What Song Are You Listening To?


The music you listen to can align you and define you. I should know.

A few days a week as I walk from class to class, I check the ears of people who walk by me to see if they have ear buds in. If they do, I pull out my phone, press record, and ask them what they are listening to. I assemble the clips into a one-to-two-minute video and post it on TikTok.

I started doing this last Spring.
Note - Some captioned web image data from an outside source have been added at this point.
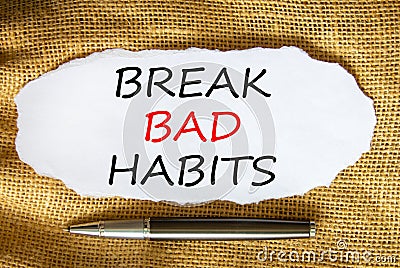 Break bad habits symbol. Words `Break bad habits` on white paper. Black metallic pen. Beautiful canvas background. Business, Stock Photo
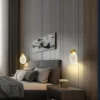 Kaasaegses magamistoas hallide seinte taustal rippuvad kaks energiasäästlikku ja moodsa disainiga rippvalgustit, mis loovad sooja ja hubase valguse. Voodi on kaetud hallide ja valgete patjadega ning öökapil on lilledega vaas.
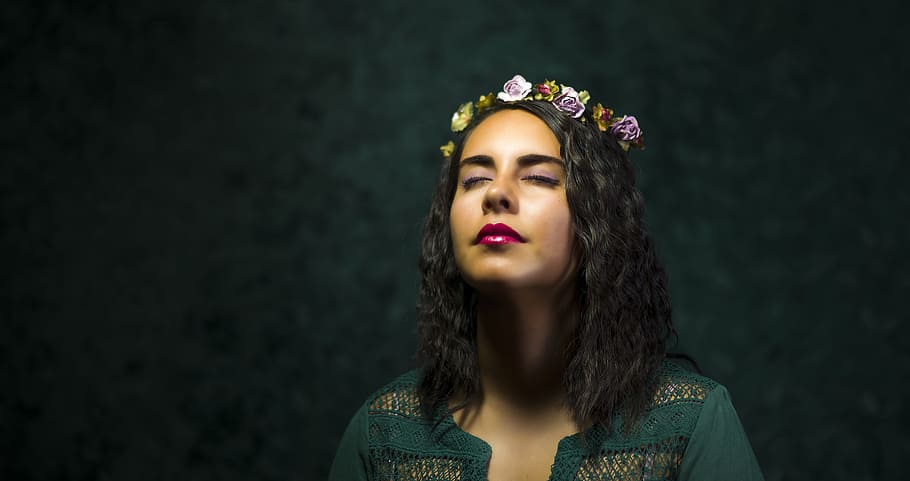 woman in teal top with floral tiara, woman closing her eyes standing against black background HD wallpaper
Similar videos had been popping up on my TikTok feed, and found myself watching every single one I could find, so I was inspired to bring these entertaining videos to Williston.

Junior Chase Livingston was among my first subjects in a video I made on March 27. I caught him off guard but he responded nonetheless, and later told me he was happy to be asked.

“I had a good song playing: Finesse by Pheelz.”

Pheelz is an up-and-coming Nigerian producer. He released Finesse in early March of this year and has accumulated over 14 million plays on Spotify according to Billboard. Pheelz is currently sitting at two million monthly listeners on Spotify.

I asked a few more people and assembled the short clips into a minute-long video. This started off as a joke, but as I posted the videos on TikTok, they began to gain some traction and people would talk to me about them with excitement. Are you posting a new video today? How many views did the last one get?

Kevin Mwangi, a Junior boarder from Wilbraham, Mass., and a regular feature in Williston Tunes, loves watching the series on Tiktok.

“I love to see what the community is listening to,” he said. “We’re all brought together by Willy Tunes.”

Kevin has been in a few videos himself, listening to artists such as Drake, Playboi Carti, and Lil Yachty. These artists have 63, 15, and eight million monthly listeners respectively on Spotify.

In a video I posted on April 11, Sophomore, Jack Mettey was listening to “What’s Next” by Drake. Sophomore Will Vachet, a friend of Jack’s, commented that Jack was an “npc”, a term used to describe people who do not think for themselves. The term is used in the gaming world to mean “nonplayer character.”

“He was listening to the most basic rap song at that time,” Vachet said.

The comment feature gives viewers an insight into what others are thinking about the music people are listening to. I wondered if comments on my videos persuaded or dissuaded viewers on campus from listening to certain songs.

I asked Jack if Will Vachet’s comment affected how he listened to What’s Next going forward.

“I feel the song choice wasn’t the reason Will called me an npc,” Jack said, “So no, it did not change how I listened to the song.”